• [Exercise details] Return exactly the lines of the entries, from the one with "Marks & Spencer" to the last.

Excerpts from a dataset:
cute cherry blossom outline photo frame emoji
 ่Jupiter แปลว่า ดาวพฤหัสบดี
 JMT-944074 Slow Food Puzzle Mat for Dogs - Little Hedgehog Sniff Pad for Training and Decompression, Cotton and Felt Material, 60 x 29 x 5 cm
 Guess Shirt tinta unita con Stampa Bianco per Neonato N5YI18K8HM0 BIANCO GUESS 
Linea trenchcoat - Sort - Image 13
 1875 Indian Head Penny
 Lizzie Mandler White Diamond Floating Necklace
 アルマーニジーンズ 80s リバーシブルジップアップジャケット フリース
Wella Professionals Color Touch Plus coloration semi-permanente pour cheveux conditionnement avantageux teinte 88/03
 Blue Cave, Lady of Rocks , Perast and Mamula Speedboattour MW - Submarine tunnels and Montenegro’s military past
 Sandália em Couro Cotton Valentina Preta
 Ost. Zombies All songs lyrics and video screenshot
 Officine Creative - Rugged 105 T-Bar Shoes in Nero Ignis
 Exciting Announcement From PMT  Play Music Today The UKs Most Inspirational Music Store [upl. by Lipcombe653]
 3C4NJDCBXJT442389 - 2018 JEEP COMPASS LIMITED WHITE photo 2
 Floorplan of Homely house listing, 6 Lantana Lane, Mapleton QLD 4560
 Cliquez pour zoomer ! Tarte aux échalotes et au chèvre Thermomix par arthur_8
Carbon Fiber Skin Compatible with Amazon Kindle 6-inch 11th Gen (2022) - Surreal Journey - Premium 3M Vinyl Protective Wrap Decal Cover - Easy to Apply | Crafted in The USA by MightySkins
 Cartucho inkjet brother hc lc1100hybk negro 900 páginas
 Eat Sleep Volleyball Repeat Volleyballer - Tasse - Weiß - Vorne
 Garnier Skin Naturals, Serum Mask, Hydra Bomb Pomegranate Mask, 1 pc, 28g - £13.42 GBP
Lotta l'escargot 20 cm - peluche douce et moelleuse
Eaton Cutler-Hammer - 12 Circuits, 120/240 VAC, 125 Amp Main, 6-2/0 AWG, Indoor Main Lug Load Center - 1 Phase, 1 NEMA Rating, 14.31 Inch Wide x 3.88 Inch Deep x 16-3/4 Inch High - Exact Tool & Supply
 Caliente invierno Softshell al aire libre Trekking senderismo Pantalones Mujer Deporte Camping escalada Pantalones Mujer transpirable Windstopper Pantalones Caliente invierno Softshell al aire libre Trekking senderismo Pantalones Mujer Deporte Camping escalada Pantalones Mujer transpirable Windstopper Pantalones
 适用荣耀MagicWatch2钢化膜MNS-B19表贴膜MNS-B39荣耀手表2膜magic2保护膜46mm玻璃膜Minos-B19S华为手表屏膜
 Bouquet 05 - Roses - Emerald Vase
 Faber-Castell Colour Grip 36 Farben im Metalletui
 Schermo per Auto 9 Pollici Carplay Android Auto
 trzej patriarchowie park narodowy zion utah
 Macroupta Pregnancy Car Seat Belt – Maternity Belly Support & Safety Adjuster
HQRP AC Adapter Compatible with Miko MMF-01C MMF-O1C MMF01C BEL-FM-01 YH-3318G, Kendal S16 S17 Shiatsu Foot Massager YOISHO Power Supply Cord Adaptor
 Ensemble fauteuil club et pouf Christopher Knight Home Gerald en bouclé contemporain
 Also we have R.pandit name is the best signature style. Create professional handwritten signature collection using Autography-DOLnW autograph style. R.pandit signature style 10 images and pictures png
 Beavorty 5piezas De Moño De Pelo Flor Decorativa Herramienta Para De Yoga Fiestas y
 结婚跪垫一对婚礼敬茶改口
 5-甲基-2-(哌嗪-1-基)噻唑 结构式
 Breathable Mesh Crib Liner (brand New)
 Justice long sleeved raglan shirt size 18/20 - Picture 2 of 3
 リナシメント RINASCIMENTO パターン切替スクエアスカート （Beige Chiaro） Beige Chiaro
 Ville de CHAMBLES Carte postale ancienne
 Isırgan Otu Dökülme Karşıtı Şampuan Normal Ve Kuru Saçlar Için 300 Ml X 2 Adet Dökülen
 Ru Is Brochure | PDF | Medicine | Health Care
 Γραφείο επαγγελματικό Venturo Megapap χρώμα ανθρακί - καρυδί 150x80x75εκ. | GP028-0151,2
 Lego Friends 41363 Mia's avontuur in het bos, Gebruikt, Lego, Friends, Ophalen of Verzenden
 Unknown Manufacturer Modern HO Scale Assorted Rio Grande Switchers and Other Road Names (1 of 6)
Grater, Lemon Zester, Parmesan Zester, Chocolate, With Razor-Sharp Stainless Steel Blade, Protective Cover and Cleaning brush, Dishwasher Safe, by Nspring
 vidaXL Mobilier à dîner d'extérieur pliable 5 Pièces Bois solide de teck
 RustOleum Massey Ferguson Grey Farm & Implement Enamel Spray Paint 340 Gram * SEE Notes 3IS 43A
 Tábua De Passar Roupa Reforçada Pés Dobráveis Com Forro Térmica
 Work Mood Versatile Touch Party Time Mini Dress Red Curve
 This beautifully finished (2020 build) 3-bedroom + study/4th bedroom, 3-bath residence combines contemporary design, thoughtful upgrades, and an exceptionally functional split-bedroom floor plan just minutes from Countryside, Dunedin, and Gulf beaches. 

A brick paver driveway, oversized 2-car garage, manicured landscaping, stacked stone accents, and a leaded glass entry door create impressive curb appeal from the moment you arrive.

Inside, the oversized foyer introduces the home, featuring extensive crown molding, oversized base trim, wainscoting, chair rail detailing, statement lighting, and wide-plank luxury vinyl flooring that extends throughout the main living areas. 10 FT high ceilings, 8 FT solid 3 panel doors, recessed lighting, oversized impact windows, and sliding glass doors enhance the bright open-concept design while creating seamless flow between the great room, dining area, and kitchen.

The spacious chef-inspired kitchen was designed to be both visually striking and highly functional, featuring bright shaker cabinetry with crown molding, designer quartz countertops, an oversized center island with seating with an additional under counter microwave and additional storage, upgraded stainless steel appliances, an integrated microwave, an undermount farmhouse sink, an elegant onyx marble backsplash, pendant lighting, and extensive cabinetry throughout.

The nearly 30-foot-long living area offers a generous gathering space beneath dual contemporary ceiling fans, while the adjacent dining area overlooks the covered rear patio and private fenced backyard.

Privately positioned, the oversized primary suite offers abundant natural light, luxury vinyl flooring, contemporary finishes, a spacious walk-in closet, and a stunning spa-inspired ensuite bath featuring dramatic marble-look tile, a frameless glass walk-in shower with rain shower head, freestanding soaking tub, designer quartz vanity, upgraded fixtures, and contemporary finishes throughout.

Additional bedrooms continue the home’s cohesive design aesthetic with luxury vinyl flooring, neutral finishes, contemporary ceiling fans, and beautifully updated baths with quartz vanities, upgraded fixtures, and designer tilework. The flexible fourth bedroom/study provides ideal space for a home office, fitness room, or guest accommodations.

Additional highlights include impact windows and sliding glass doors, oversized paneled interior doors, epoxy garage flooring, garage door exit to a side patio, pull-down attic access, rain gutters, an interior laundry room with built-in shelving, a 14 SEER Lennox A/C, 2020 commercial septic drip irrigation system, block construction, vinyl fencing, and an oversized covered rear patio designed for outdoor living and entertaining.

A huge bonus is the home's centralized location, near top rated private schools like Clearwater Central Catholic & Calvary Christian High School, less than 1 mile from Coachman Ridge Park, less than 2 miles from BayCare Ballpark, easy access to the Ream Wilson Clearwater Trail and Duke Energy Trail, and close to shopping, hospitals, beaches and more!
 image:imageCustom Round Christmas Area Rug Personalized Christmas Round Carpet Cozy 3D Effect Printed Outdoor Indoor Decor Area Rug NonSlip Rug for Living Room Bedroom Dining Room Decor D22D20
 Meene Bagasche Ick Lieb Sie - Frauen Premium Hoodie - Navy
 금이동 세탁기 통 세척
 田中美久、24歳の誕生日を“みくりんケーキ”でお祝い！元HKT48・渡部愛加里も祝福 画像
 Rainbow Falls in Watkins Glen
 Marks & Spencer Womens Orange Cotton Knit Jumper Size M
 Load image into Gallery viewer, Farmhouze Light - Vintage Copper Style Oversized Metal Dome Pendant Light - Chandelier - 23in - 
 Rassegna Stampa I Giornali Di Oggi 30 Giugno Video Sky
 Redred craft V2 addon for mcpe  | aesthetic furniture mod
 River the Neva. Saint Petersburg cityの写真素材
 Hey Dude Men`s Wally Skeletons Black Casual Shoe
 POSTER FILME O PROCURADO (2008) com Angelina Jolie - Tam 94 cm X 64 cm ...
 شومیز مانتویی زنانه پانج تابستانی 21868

• [Solution for this exercise]
 Marks & Spencer Womens Orange Cotton Knit Jumper Size M
 Load image into Gallery viewer, Farmhouze Light - Vintage Copper Style Oversized Metal Dome Pendant Light - Chandelier - 23in - 
 Rassegna Stampa I Giornali Di Oggi 30 Giugno Video Sky
 Redred craft V2 addon for mcpe  | aesthetic furniture mod
 River the Neva. Saint Petersburg cityの写真素材
 Hey Dude Men`s Wally Skeletons Black Casual Shoe
 POSTER FILME O PROCURADO (2008) com Angelina Jolie - Tam 94 cm X 64 cm ...
 شومیز مانتویی زنانه پانج تابستانی 21868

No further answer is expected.